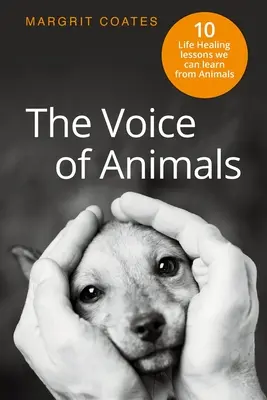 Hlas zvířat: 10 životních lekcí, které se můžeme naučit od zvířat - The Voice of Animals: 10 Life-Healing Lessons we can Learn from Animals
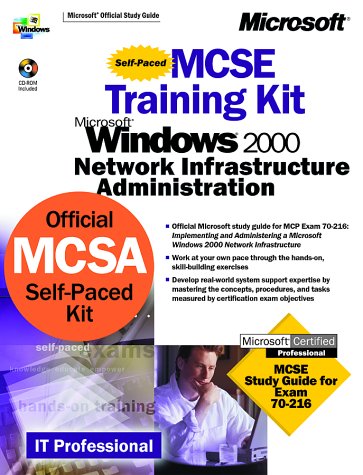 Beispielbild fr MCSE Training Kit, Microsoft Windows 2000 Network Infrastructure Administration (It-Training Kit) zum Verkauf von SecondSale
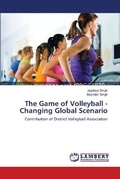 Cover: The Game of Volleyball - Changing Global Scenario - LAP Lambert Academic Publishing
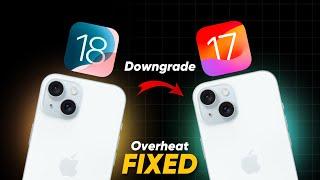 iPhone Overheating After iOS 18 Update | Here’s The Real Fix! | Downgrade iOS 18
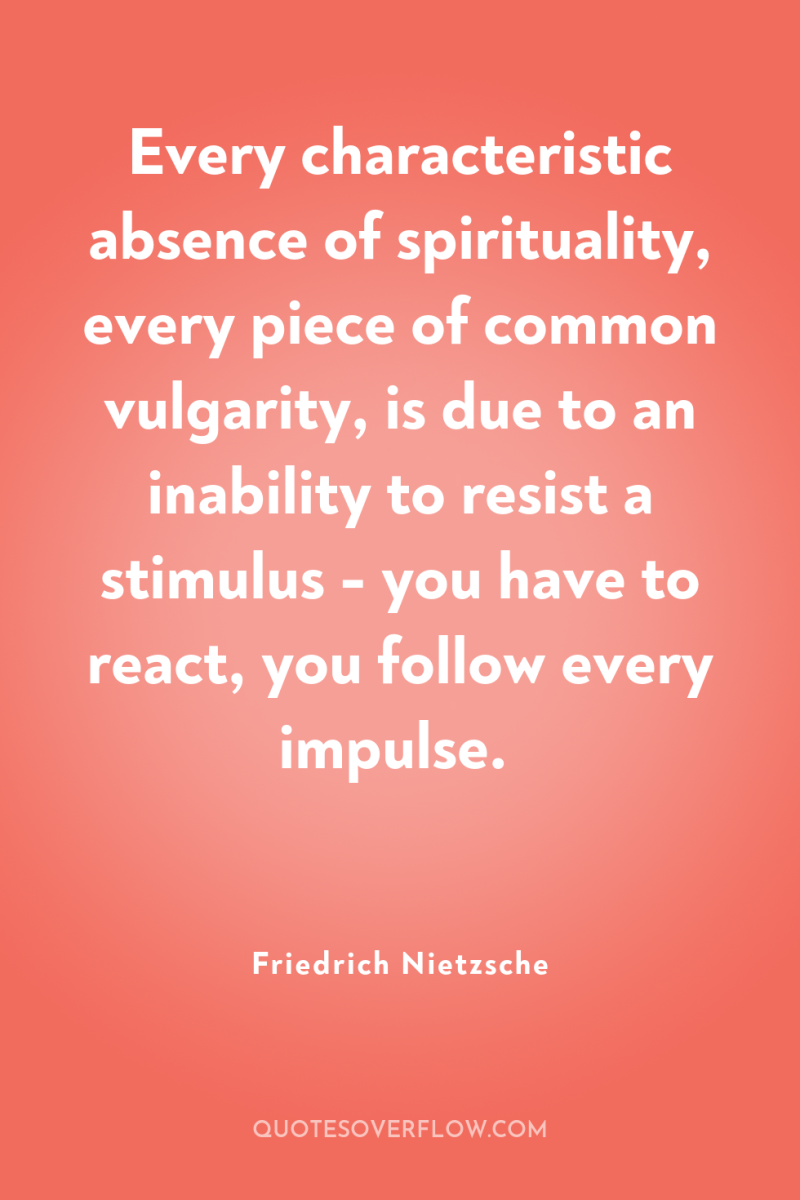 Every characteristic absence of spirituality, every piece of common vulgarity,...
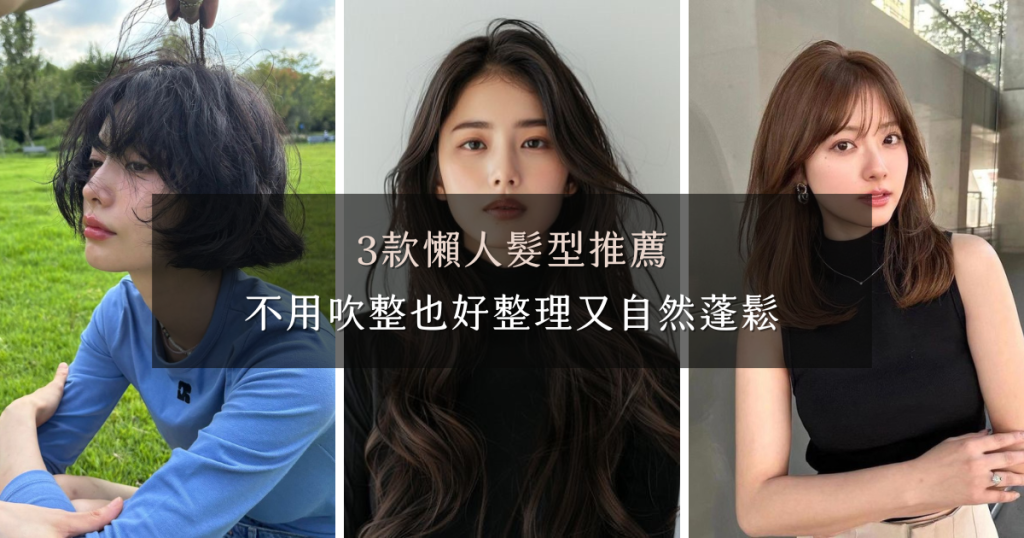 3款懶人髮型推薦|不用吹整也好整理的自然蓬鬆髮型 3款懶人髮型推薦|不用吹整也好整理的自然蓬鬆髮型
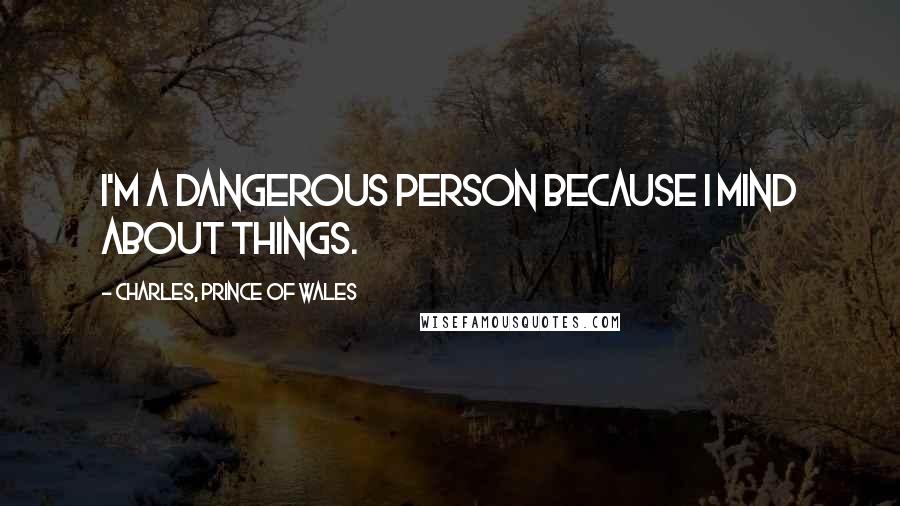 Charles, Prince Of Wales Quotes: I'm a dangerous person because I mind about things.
####################
▸ Your objective: Lines from the one with "Beispielbild fr MCSE" through the final line of the listing above: copy them exactly, both ends included, and omit every picture.

▸ Solution for this exercise:
 Beispielbild fr MCSE Training Kit, Microsoft Windows 2000 Network Infrastructure Administration (It-Training Kit) zum Verkauf von SecondSale
 Cover: The Game of Volleyball - Changing Global Scenario - LAP Lambert Academic Publishing
 iPhone Overheating After iOS 18 Update | Here’s The Real Fix! | Downgrade iOS 18
 Every characteristic absence of spirituality, every piece of common vulgarity,...
 3款懶人髮型推薦|不用吹整也好整理的自然蓬鬆髮型 3款懶人髮型推薦|不用吹整也好整理的自然蓬鬆髮型
 Charles, Prince Of Wales Quotes: I'm a dangerous person because I mind about things.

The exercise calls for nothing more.